**Goal of the exercise:** Look through the entries below and extract exactly the lines from the one containing "X0000116760722201001141429" through the one containing "DronemanKernow's tweet photo.", ends included.

- - - - - - -

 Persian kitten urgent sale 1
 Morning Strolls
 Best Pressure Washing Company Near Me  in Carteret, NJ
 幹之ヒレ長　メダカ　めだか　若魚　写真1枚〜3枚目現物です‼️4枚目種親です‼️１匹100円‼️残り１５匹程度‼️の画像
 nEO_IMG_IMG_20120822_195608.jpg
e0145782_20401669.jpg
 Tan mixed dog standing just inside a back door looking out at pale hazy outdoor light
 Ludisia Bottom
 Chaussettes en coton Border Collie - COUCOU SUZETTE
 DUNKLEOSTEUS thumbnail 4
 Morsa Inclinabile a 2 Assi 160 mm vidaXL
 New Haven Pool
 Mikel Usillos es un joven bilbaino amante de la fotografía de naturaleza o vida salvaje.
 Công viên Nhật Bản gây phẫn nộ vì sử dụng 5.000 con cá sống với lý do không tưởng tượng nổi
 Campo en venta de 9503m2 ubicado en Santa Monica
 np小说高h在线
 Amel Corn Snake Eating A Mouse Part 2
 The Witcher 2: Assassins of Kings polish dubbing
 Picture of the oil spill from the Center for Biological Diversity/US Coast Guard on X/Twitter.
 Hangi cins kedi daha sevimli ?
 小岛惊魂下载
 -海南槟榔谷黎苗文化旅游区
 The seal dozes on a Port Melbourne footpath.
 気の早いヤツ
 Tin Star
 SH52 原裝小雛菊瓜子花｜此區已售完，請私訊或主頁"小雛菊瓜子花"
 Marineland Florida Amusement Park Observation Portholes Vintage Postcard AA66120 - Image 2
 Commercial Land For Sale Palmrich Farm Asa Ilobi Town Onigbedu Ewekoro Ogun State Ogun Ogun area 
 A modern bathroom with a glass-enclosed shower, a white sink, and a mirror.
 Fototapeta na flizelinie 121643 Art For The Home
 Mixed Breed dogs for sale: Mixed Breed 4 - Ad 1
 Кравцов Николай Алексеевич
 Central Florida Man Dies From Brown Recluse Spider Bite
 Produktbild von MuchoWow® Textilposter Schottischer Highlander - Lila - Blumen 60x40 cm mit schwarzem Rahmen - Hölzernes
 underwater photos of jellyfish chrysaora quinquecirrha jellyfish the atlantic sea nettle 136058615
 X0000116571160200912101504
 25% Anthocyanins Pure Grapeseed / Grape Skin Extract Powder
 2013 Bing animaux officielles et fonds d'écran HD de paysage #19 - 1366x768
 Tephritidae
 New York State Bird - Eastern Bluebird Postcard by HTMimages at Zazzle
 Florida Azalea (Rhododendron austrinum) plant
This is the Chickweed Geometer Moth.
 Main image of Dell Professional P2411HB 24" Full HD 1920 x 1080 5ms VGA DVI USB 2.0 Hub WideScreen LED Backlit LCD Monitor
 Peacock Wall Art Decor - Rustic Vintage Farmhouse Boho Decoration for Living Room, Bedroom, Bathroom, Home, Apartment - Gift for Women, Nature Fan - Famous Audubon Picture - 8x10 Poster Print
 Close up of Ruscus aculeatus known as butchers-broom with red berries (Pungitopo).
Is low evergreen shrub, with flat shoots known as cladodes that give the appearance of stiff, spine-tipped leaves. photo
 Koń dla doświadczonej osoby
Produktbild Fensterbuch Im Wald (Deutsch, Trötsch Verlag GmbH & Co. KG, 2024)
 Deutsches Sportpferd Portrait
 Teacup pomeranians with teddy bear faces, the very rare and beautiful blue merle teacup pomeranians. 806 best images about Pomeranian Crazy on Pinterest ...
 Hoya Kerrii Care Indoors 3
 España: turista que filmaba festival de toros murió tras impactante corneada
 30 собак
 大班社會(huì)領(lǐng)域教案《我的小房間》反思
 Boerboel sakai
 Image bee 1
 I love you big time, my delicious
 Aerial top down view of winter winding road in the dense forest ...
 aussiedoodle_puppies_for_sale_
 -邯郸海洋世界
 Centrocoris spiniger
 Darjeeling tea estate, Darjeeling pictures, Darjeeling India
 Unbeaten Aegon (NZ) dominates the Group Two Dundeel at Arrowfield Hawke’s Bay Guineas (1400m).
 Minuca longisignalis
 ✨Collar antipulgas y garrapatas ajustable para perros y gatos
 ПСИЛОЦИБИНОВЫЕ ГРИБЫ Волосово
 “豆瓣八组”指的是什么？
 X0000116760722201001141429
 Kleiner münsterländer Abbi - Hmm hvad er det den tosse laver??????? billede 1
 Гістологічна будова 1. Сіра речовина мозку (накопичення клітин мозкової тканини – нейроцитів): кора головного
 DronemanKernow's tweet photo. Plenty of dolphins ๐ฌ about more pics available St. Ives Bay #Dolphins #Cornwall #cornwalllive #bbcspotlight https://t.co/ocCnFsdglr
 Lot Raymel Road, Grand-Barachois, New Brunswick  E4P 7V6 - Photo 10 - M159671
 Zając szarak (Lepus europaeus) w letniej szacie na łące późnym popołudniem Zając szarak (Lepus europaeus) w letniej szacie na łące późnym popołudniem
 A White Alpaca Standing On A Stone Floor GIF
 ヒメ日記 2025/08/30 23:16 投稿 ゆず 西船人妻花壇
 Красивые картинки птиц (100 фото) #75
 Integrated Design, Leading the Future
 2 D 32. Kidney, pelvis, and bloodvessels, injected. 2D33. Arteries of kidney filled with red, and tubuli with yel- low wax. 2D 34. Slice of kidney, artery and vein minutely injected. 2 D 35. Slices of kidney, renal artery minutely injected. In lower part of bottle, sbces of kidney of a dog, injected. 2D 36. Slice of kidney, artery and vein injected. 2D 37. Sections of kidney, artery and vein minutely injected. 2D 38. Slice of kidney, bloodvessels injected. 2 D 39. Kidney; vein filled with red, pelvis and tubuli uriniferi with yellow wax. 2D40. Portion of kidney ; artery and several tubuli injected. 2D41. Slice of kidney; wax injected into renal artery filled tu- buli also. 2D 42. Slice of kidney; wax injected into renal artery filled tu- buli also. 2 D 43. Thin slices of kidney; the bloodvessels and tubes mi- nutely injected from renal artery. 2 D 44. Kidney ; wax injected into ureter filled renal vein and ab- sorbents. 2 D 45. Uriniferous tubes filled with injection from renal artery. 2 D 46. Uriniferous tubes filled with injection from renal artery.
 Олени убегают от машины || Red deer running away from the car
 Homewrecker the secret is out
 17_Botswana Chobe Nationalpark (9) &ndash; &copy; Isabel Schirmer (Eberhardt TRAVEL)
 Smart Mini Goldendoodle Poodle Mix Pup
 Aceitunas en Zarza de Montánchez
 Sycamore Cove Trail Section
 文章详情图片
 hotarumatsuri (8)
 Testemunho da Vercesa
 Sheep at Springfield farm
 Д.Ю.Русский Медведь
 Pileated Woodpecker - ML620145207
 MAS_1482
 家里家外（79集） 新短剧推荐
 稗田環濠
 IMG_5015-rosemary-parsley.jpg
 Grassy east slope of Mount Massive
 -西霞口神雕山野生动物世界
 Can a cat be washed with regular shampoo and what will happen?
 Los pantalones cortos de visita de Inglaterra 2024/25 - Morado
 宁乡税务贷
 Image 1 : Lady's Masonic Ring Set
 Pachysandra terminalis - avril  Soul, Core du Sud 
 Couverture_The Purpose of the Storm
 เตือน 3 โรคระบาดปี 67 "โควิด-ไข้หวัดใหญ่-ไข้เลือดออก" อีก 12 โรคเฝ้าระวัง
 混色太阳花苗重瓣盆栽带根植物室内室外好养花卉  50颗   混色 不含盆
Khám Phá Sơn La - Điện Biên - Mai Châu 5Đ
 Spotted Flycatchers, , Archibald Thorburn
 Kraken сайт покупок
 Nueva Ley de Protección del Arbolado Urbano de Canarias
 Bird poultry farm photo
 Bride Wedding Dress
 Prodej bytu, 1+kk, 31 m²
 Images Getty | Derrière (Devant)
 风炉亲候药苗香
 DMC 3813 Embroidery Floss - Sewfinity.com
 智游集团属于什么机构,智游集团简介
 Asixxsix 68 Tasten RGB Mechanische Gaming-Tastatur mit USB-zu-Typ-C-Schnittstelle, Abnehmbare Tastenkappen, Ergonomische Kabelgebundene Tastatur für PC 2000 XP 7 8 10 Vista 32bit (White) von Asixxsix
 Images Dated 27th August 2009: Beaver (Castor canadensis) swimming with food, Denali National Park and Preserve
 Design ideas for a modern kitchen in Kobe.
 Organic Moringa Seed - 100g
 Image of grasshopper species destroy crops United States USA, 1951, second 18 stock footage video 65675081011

- - - - - - -

**Worked solution:**
 X0000116760722201001141429
 Kleiner münsterländer Abbi - Hmm hvad er det den tosse laver??????? billede 1
 Гістологічна будова 1. Сіра речовина мозку (накопичення клітин мозкової тканини – нейроцитів): кора головного
 DronemanKernow's tweet photo. Plenty of dolphins ๐ฌ about more pics available St. Ives Bay #Dolphins #Cornwall #cornwalllive #bbcspotlight https://t.co/ocCnFsdglr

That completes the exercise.